今まで静かだったところに、子どもの甲高い声、送迎時だけの通りすがりとはいえ環境省のいうところの55㏈の騒音(保護者と子どもの会話)が何十組分も聞こえるようになったら、ストレスに感じる人にとってはストレスなのでしょう。
では、ストレスを感じている方は家の中では55㏈以下で暮らしているのか、といえばそうではないでしょう。
家族と会話もすればテレビも見る。保育園建設反対派の方の中にはお子さんやお孫さんがいらっしゃるかもしれません。
何故、保育園ができてうるさいと思ってしまうのかといえば、ひとえに「知らない子達の声だから」ではないかと思うのです。
電車内での他人の会話がうるさいと感じるのも同じ理屈。
保育園を新設しようとすれば、住環境が大きく変わることへの不安から反対する人が出てくるのは当たり前です。
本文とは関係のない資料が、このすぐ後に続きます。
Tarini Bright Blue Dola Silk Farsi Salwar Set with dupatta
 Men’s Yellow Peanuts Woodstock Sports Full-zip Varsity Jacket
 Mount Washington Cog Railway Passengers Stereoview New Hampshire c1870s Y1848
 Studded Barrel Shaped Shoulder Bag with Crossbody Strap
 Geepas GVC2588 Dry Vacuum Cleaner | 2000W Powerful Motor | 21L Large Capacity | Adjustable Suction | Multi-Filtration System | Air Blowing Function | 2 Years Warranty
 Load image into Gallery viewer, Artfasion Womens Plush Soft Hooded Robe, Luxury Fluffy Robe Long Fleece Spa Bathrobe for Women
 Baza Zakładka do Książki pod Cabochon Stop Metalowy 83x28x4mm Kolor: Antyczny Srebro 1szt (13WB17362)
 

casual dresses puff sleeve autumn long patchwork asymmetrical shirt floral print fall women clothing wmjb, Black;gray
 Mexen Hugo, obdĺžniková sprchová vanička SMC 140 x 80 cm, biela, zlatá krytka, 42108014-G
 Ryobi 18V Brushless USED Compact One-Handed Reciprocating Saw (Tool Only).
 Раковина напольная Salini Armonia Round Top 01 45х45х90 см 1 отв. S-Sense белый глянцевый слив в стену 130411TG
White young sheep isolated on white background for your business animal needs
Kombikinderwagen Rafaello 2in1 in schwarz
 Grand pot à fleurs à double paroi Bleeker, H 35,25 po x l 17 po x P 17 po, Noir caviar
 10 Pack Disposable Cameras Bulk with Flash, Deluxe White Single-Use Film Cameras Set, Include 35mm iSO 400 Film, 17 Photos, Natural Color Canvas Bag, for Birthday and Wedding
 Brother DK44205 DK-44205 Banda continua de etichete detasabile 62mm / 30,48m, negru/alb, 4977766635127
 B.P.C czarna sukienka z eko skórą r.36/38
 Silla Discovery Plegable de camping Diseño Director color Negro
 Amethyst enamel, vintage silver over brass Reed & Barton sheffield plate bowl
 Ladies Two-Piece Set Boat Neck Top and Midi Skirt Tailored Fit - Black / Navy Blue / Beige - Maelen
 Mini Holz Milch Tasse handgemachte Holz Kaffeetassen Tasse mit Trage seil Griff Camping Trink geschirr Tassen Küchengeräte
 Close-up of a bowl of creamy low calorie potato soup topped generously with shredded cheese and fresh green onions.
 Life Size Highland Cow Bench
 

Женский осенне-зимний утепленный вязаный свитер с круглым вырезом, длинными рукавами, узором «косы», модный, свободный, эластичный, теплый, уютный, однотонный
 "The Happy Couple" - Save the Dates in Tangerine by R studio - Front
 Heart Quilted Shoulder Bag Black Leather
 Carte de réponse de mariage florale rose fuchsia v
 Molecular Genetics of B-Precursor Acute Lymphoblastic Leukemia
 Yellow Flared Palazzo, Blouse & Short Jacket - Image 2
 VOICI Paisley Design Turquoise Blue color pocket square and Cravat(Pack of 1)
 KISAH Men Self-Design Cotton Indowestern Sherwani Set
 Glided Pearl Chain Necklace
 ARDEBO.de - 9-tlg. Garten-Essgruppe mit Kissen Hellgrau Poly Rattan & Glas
ですから、多くの保育園がしていることでしょうが、保育園を新設する前に近隣住民と何度も何度も話し合い、その後も園を地域の方に開放したり交流したりすることで、お互いが妥協案を見つけ出しながら、時間をかけて少しずづ地域に馴染んで行くのが、一見遠回りに見えて近道なのかもしれません。
ちなみに2015年3月、東京都では「都民の健康と安全を確保する環境に関する条例」を改正し、子どもの声の騒音の基準を適用しないように決めました。
つまりは「子どもの声は騒音ではありませんよ」としたのです。(かなりおおざっぱな解釈ですが)この場合保護者の話し声は適用されませんし、子どもの声にも限度があるでしょうが、自身の子どものころを振り返れば「子どもが心から嫌いだ」という方はごくごく少数派と思いますので、身近に保育園ができることがあれば、子どもや孫がいるいないにかかわらず一度覗いてみてはいかがでしょうか。
子どもの笑い声が響く場所は、治安が良い傾向にありますよね。
保育園ができることで地価が下がると心配される方も、ご自身の将来の年金や医療費を支えてくれる大事な子ども達が育つ場所を提供するのだと思えば、少しは寛容になれませんか?
それから保育園へ子どもを預けておられるお父さんお母さん。自分たちの子どもが保育園でのびのび過ごせるのも、何や言っても地域の方のやさしさやご理解があるからというのもあるかと思います。なかなか感謝の気持ちを伝える場所はありませんが、とりあえずお子さんの送迎時に近所の方に出会ったら、「こんにちは」とあいさつしてみませんか?